- [THE PROBLEM]:
The answer must reproduce exactly the lines from the one with "Gravid kvinna sitter" through the end of the material, and it must contain no pictures.
##### SUPPLIED RECORDS #####
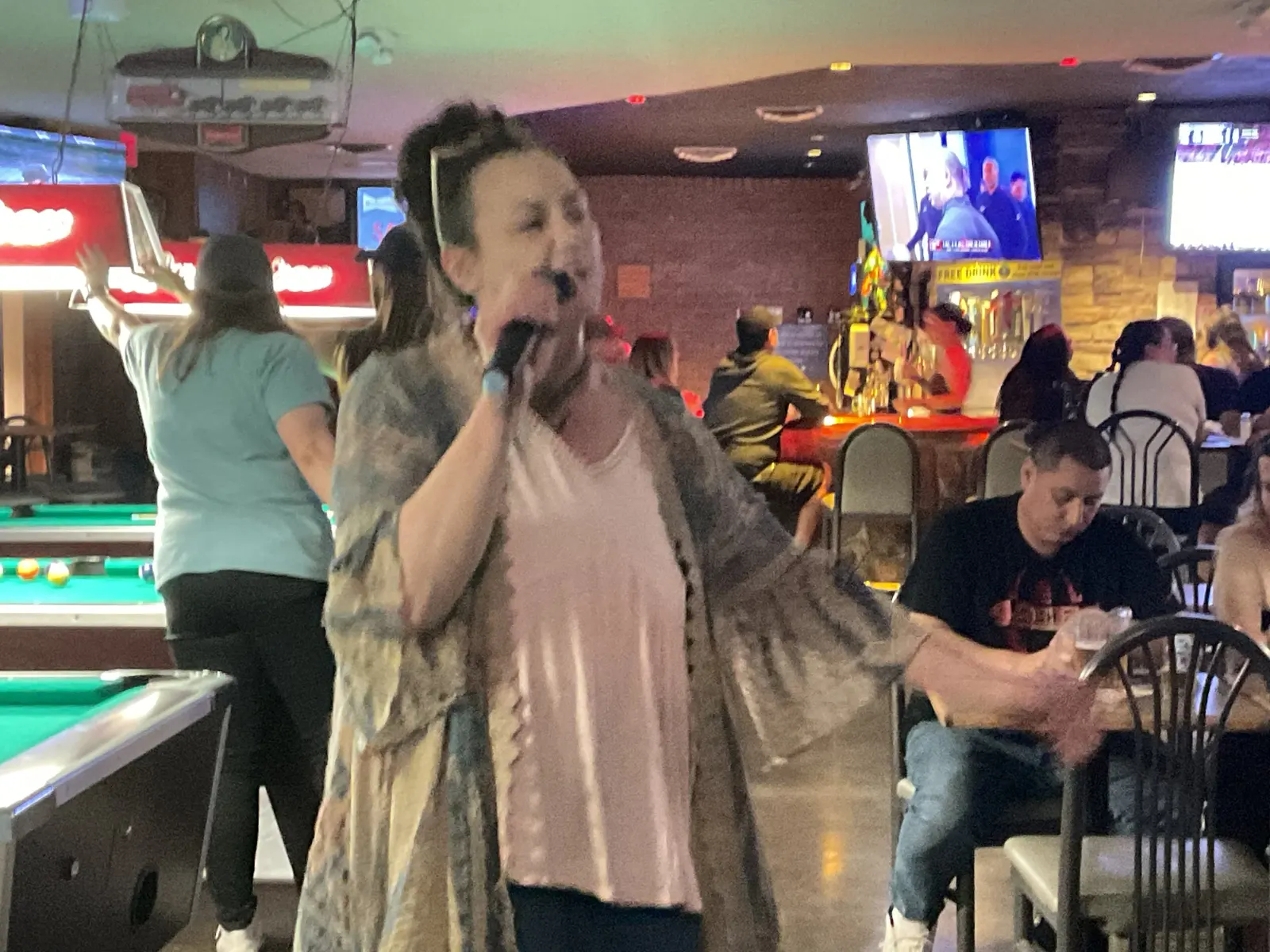Woman singing karaoke at the Wooden Nickel bar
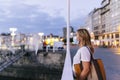 A tourist woman in the marina of a city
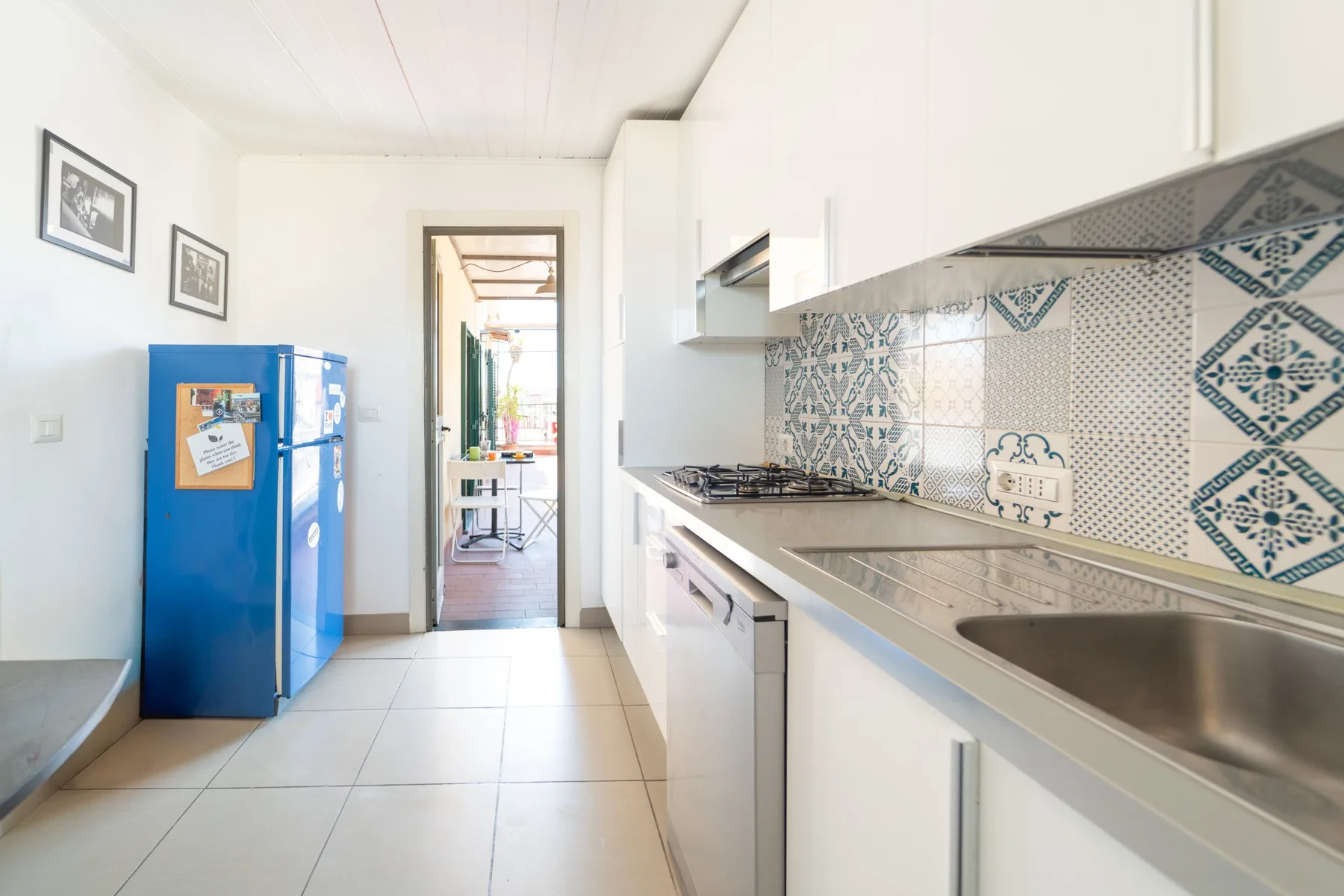 Una cocina luminosa con una encimera larga, fregadero y azulejos decorados.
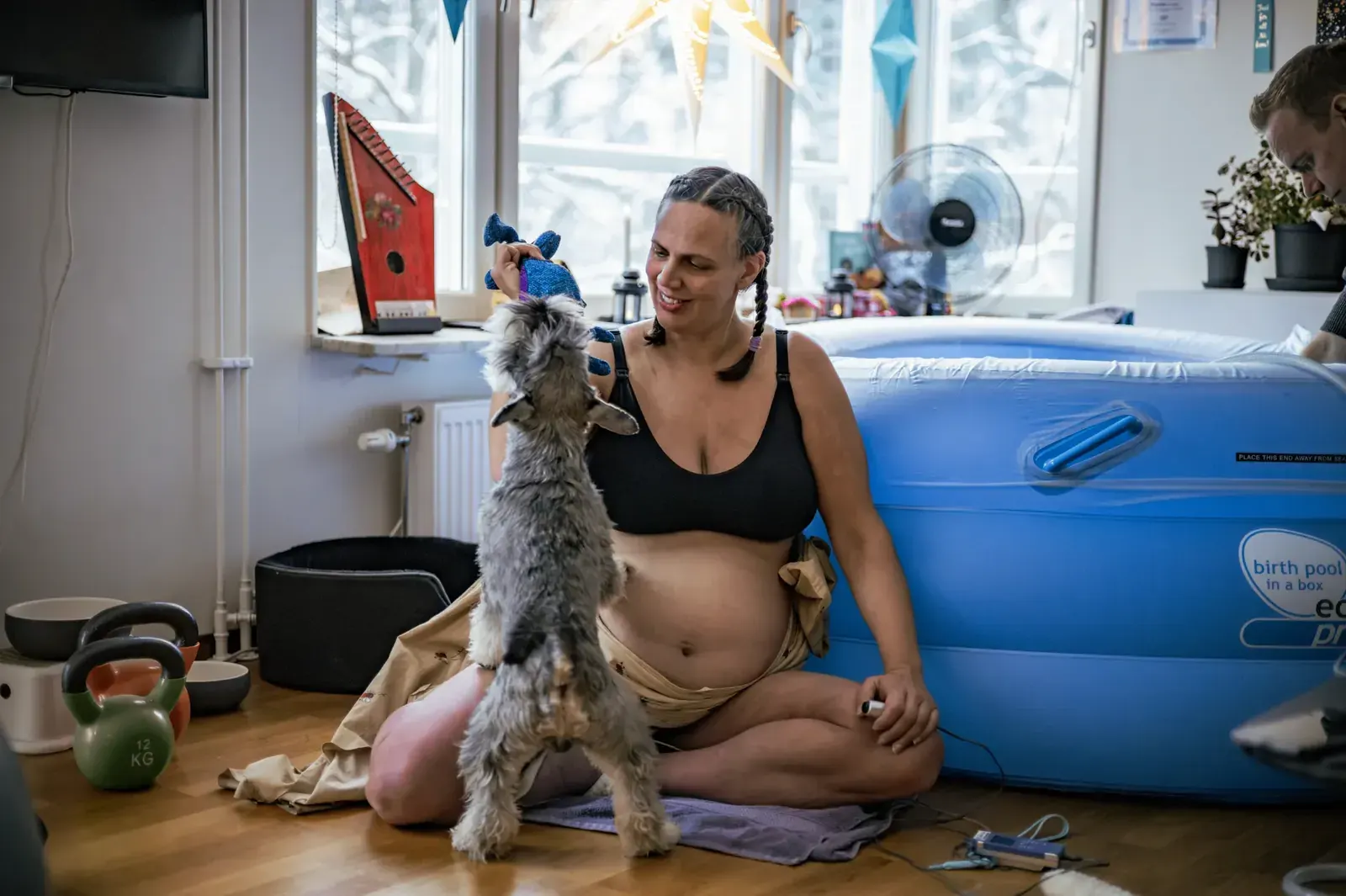 Gravid kvinna sitter på golvet bredvid en uppblåsbar förlossningspool och leker med sin hund.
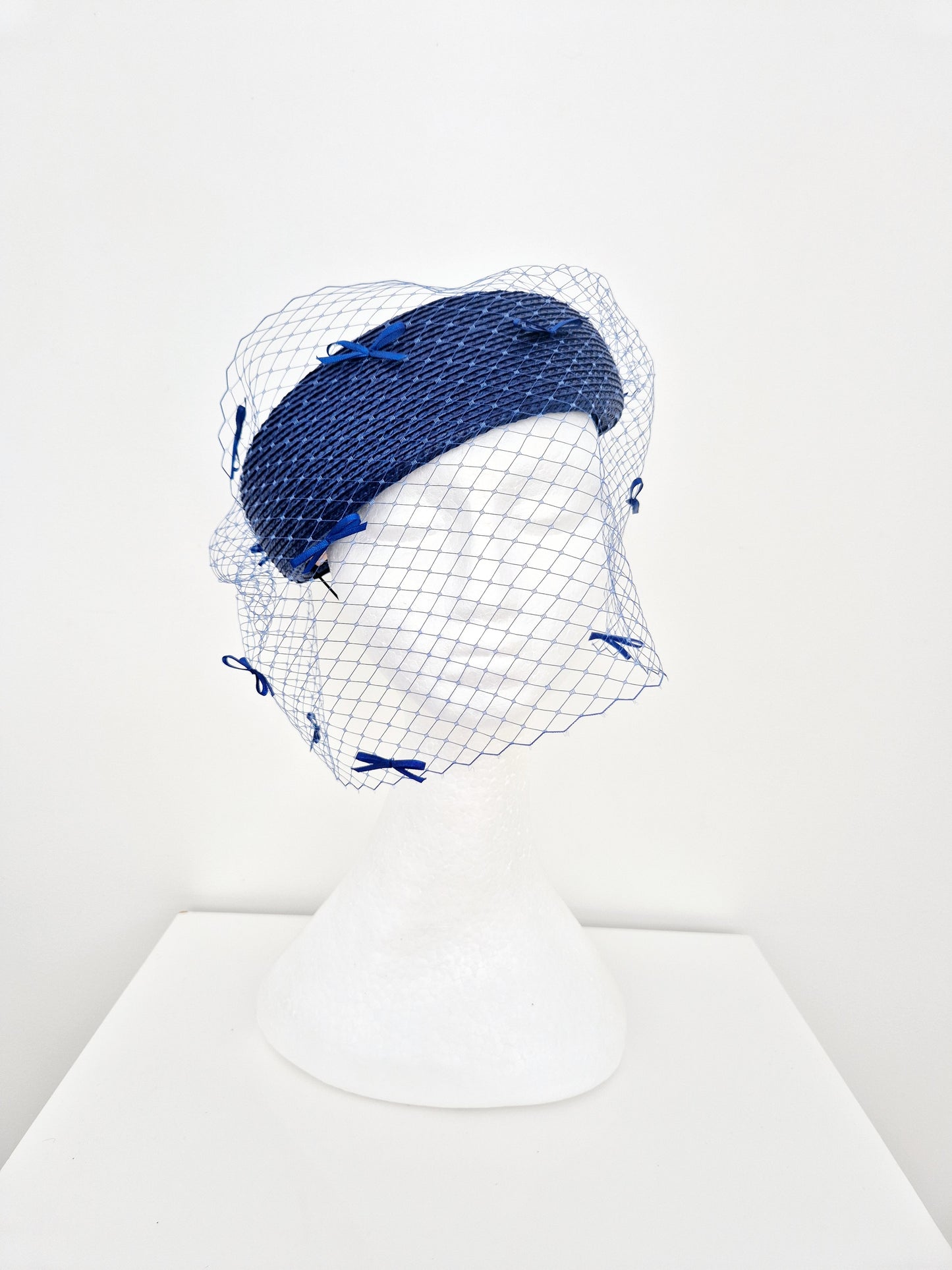 Miss Bella. Womens Royal Blue headpiece with veiling and bows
#####
- [ANSWER TO THIS EXERCISE]:
 Gravid kvinna sitter på golvet bredvid en uppblåsbar förlossningspool och leker med sin hund.
 Miss Bella. Womens Royal Blue headpiece with veiling and bows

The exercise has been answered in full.